Image Credit: Helpling
In this age of excess and plenty, it is now more important than ever for parents to teach children the importance of “waste not, want not” as part of character building. Everybody eats, which makes food a great starting point for young ones to learn about frugality. Here are some fun ways you can cut food waste as a family:
Get the young ones to do some research and find out why food waste is a problem, and what they can do to combat it. After they’ve collated the facts, have them pen down their thoughts and draw up a plan on reducing food waste. Stick the charts up on the fridge or family noticeboard.
Take pictures of food your family chucks out, noting the value of every item. At the end of the week, pool together pictures of all the food items thrown out, and tally up the total value of food wasted.
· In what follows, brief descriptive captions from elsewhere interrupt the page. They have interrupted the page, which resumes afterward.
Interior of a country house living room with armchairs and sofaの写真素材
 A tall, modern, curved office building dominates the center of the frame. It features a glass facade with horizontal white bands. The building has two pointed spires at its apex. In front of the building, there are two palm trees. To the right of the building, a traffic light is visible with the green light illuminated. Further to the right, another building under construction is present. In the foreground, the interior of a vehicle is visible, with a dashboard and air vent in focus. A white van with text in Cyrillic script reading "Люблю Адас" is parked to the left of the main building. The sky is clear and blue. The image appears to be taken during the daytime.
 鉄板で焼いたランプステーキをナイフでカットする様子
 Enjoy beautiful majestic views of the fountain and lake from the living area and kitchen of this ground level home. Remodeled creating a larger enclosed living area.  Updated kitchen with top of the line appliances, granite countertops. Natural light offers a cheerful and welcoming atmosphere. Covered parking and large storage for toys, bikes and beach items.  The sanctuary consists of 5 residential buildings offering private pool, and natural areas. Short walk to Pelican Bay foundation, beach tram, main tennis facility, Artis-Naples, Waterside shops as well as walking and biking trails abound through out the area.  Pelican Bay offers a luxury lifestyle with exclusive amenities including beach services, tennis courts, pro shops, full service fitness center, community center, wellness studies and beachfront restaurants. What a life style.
Collect the ‘wasted’ money and save it in a jar.
In the weeks ahead, put aside every dollar the family saves from from cutting back on food waste in this money jar. This gives everyone an immediate visual reminder of how much they can save. At the end of the month, use the money saved to treat the family to something — a movie, or ice cream, for instance.
Make a digital collage of your family’s efforts #WasteNoFood efforts. Post pictures of packed lunches and meals made with leftovers, ingredients that go into the week’s meal planning, etc. Other than documenting your progress, it also seeks to spread the message to your friends and followers.
Make a pledge as a family to take steps to cut food waste. Using online samples as a starting point, personalise your family’s pledge. It will help motivate members to stay committed to the project and objectives.
Meal planning is one of the key steps in slashing food waste at home. There’s plenty children can learn from meal planning, as it requires taking into account budget, nutritional needs, food preferences. With meal plan in hand, go on a family grocery shopping, where you can teach children how to pick the items and read nutrition facts labels.
Growing your own food is a fun way for children to learn about self-sustainable living and how plants grow. Not only is it enjoyable to nurture something and watch it grow — it’s even more satisfying to eat the fruit of your labour! Another spin-off project you could embark on using food scraps, is to make compost at home.
Compile the ‘leftover recipes’ your family comes up with into a folder over the weeks. There are plenty of online tips and inspiration you can find on whipping up healthy meals from leftovers.
Cut food waste, save money, and together as a family, work towards reducing your carbon footprint!